** What this task involves **
Return the data below exactly, please, but drop the pictures.

++++ Records to process ++++

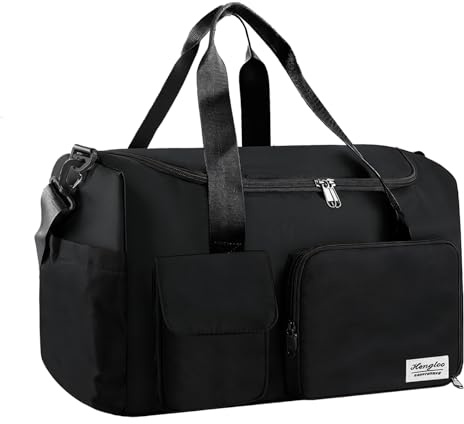 Lychico Large Sports Duffle Bag with Shoe Compartment, Waterproof Gym Bag for Men & Women, Multi-Compartment Holdall for Travel, Work, Overnight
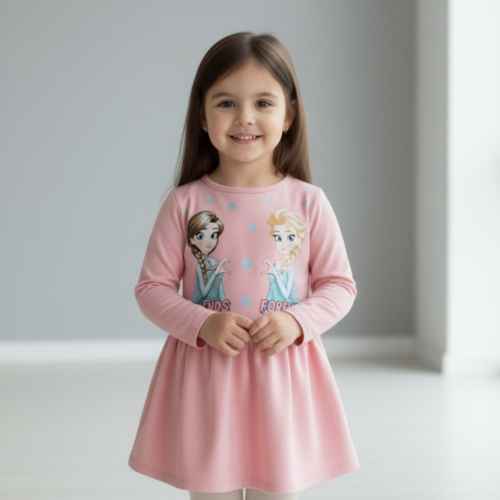 Детска рокля Мариела, светлорозова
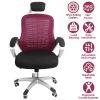 Ergonomic Mesh Office Chair High Back Desk Chair 360° Swivel Home Task Chair with Adjustable Lumbar Support Rocking Function Armrest Headrest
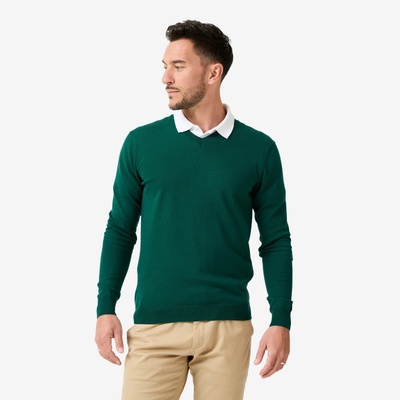 Inesis pánsky golfový pulóver CW100 s výstrihom do V zelený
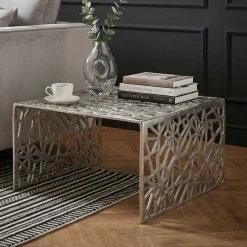 Stolik kawowy 60cm Aluminium Stolik pod sofę Alu Stolik do salonu Metal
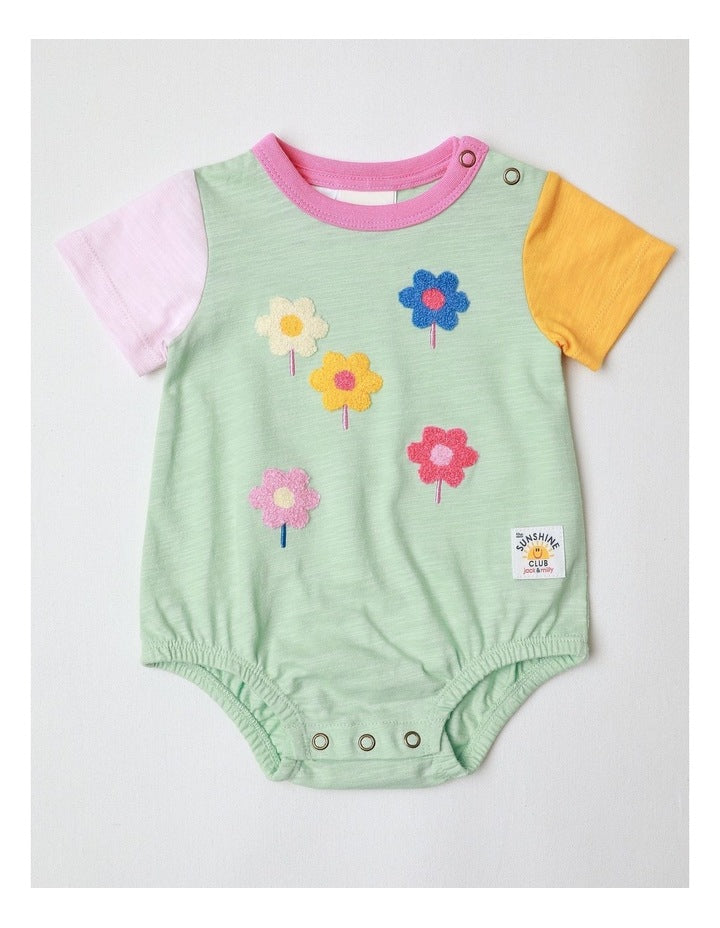 Essentials Short Sleeve Bodysuit With Boucle Daisy In Sage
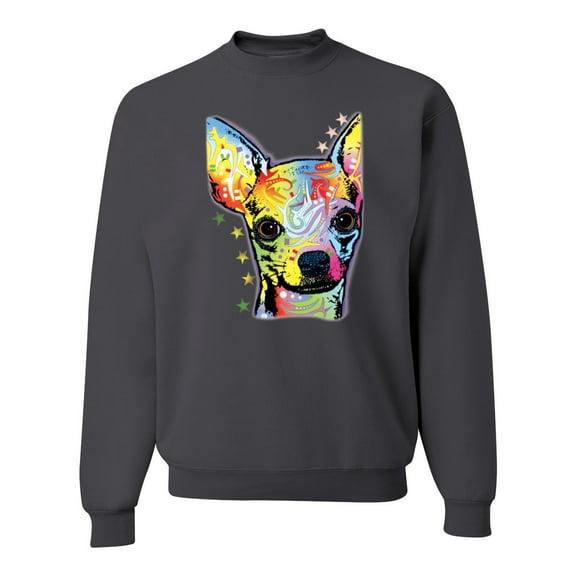 Wild Bobby Dean Russo Colorful Chihuahua Dog Lover Unisex Crewneck Graphic Sweatshirt, Charcoal, X-Large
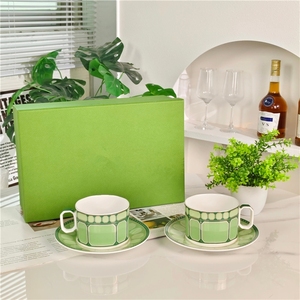 Luxury Eco-Friendly Green <b>Bone</b> <b>China</b> Coffee Cup and Saucer <b>Set</b> 200mL Minimalist Design for Home Use - Product Image 4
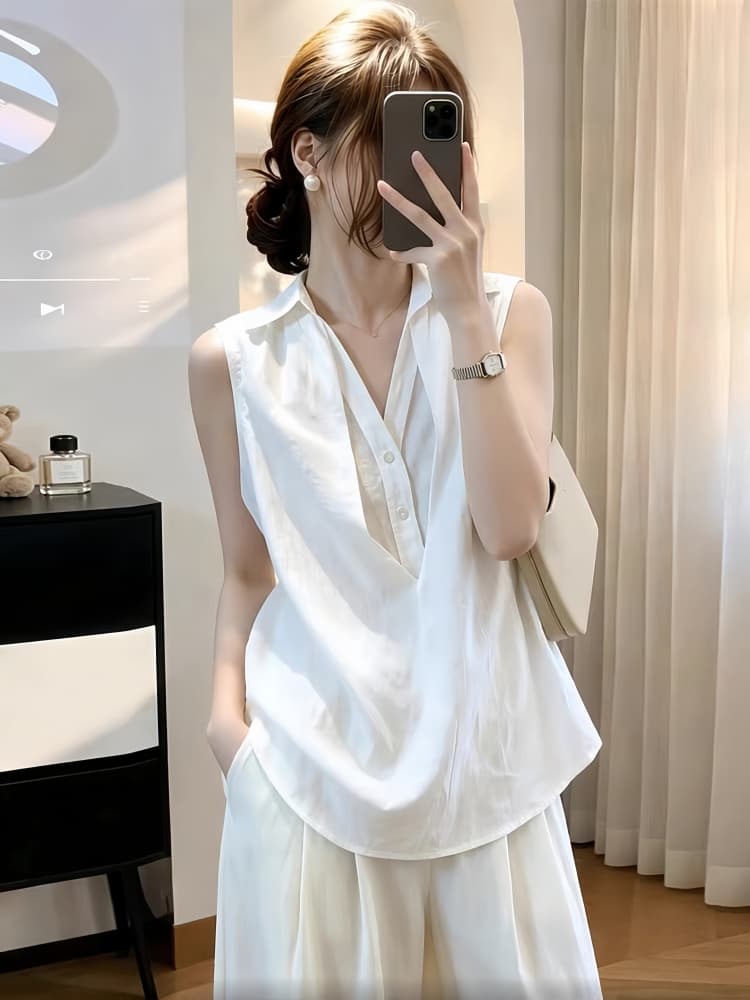 화이트 질감 센스 페이크 레이어드 민소매 여성 셔츠 2026 새로운 여름 프랑스식 맨위 오래된 돈 바람 출퇴근 착용 가져 가라. 상세 이미지 3
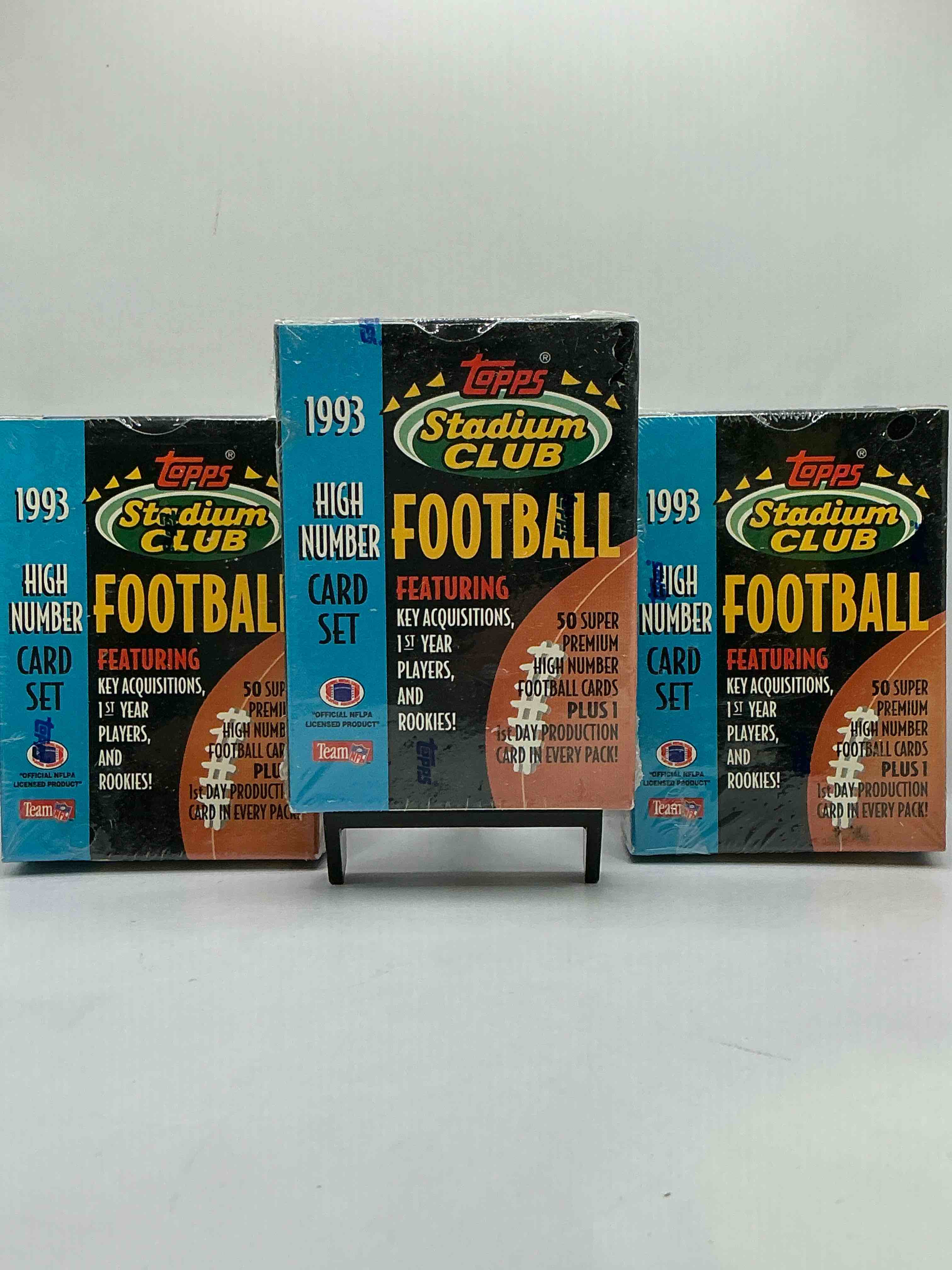 topps stadium club football 1993 high number card set! wow! still in original wrap! 50 cards in each box! drew bledsoe, marvin jones, jerome bettis & more! awesome 90’s sports memorabilia & cards!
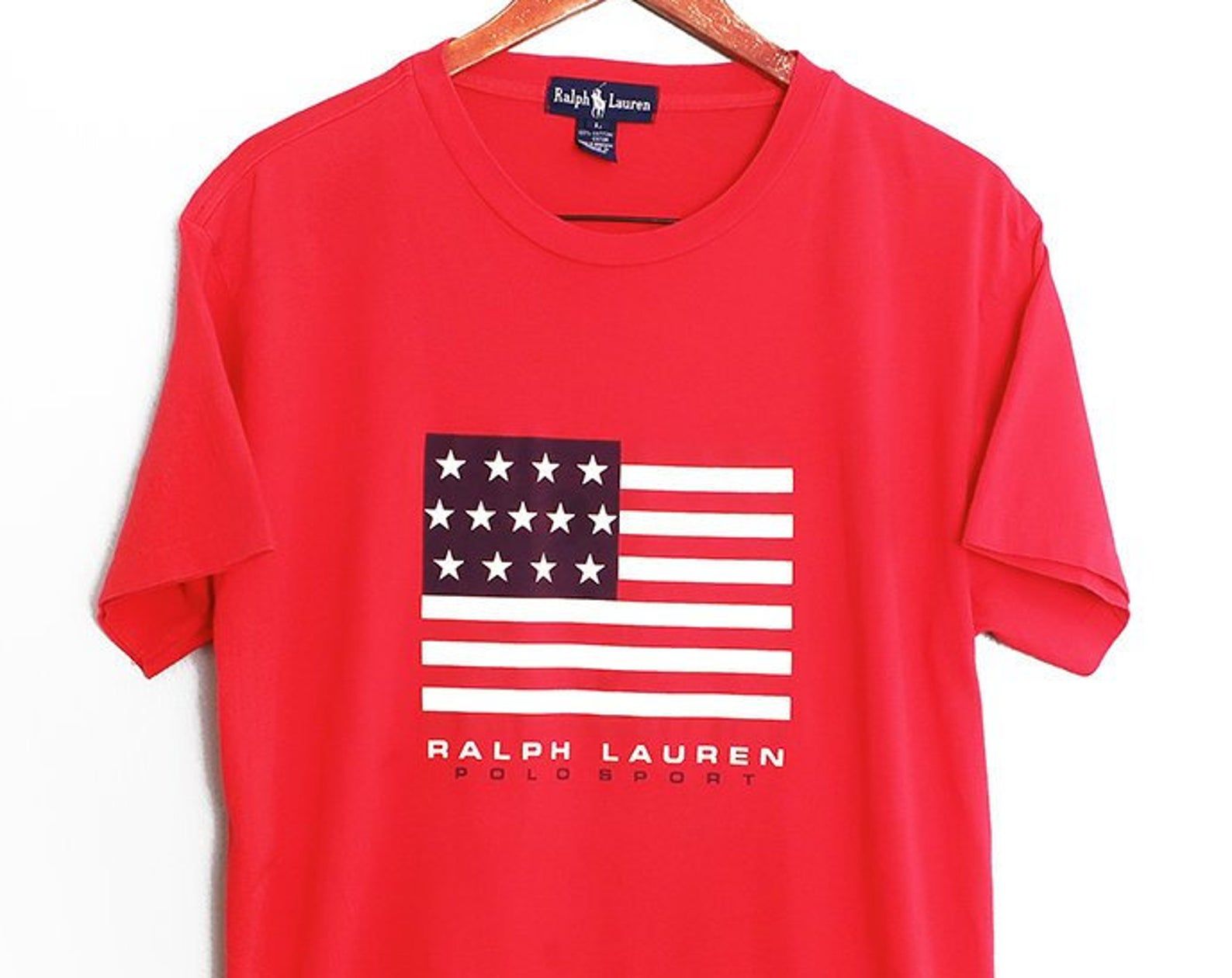 Vintage T Shirt / Polo Sport Shirt / 90S Polo Shirt / 1990S Red Polo Sport Ralph Lauren Flag Shirt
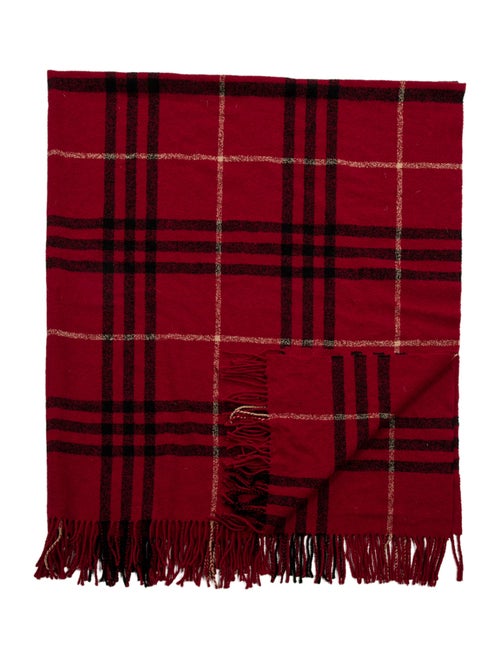 Burberry London Lambswool Fringe Blanket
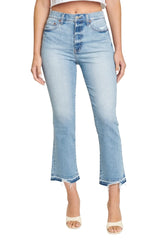 DAZE Shy Girl High Rise Crop Flare Jeans in Shooting Star - Front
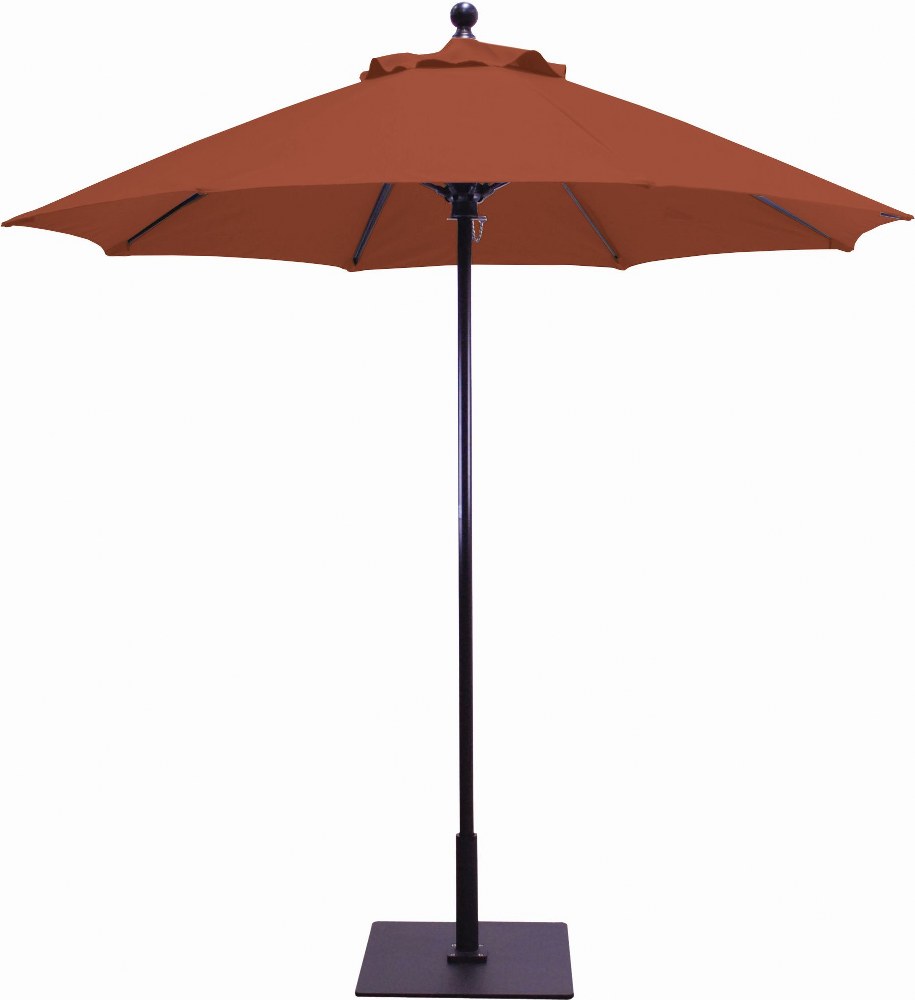 Galtech International-725BK63-Manual Lift - 7.5 Round Umbrella Sunbrella Solid Colors Henna Sunbrella Solid Colors - Quick Ship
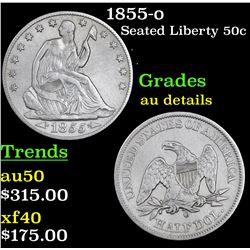 1855-o Seated Half Dollar 50c Grades AU Details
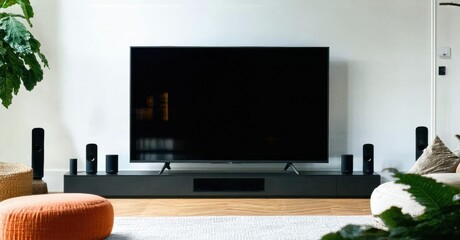 Modern living room features large television, sound system, comfortable seating, plants. Minimalist design creates relaxing atmosphere.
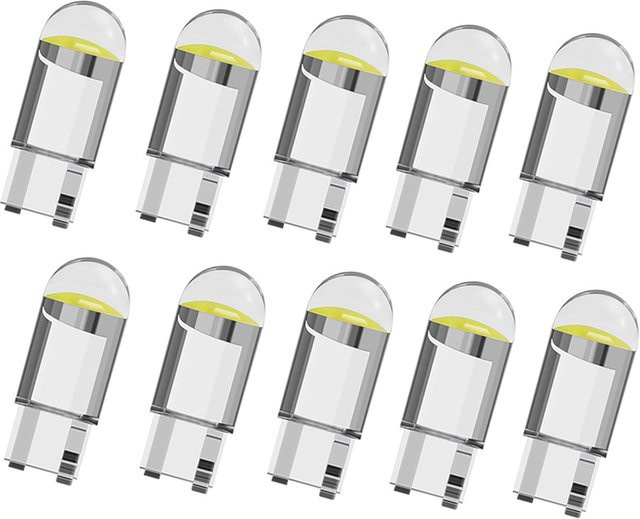 NATURIXY COB LED Autolampen W5W 194 T10 mit Glasgehäuse für Innenraumbeleuchtung und Kennzeichenleuchte in Weiß, Blau oder Rot - Bild 1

++++

** Answer for this exercise **
 Lychico Large Sports Duffle Bag with Shoe Compartment, Waterproof Gym Bag for Men & Women, Multi-Compartment Holdall for Travel, Work, Overnight
 Детска рокля Мариела, светлорозова
 Ergonomic Mesh Office Chair High Back Desk Chair 360° Swivel Home Task Chair with Adjustable Lumbar Support Rocking Function Armrest Headrest
 Inesis pánsky golfový pulóver CW100 s výstrihom do V zelený
 Stolik kawowy 60cm Aluminium Stolik pod sofę Alu Stolik do salonu Metal
 Essentials Short Sleeve Bodysuit With Boucle Daisy In Sage
 Wild Bobby Dean Russo Colorful Chihuahua Dog Lover Unisex Crewneck Graphic Sweatshirt, Charcoal, X-Large
 Luxury Eco-Friendly Green <b>Bone</b> <b>China</b> Coffee Cup and Saucer <b>Set</b> 200mL Minimalist Design for Home Use - Product Image 4
 화이트 질감 센스 페이크 레이어드 민소매 여성 셔츠 2026 새로운 여름 프랑스식 맨위 오래된 돈 바람 출퇴근 착용 가져 가라. 상세 이미지 3
 topps stadium club football 1993 high number card set! wow! still in original wrap! 50 cards in each box! drew bledsoe, marvin jones, jerome bettis & more! awesome 90’s sports memorabilia & cards!
 Vintage T Shirt / Polo Sport Shirt / 90S Polo Shirt / 1990S Red Polo Sport Ralph Lauren Flag Shirt
 Burberry London Lambswool Fringe Blanket
 DAZE Shy Girl High Rise Crop Flare Jeans in Shooting Star - Front
 Galtech International-725BK63-Manual Lift - 7.5 Round Umbrella Sunbrella Solid Colors Henna Sunbrella Solid Colors - Quick Ship
 1855-o Seated Half Dollar 50c Grades AU Details
 Modern living room features large television, sound system, comfortable seating, plants. Minimalist design creates relaxing atmosphere.
 NATURIXY COB LED Autolampen W5W 194 T10 mit Glasgehäuse für Innenraumbeleuchtung und Kennzeichenleuchte in Weiß, Blau oder Rot - Bild 1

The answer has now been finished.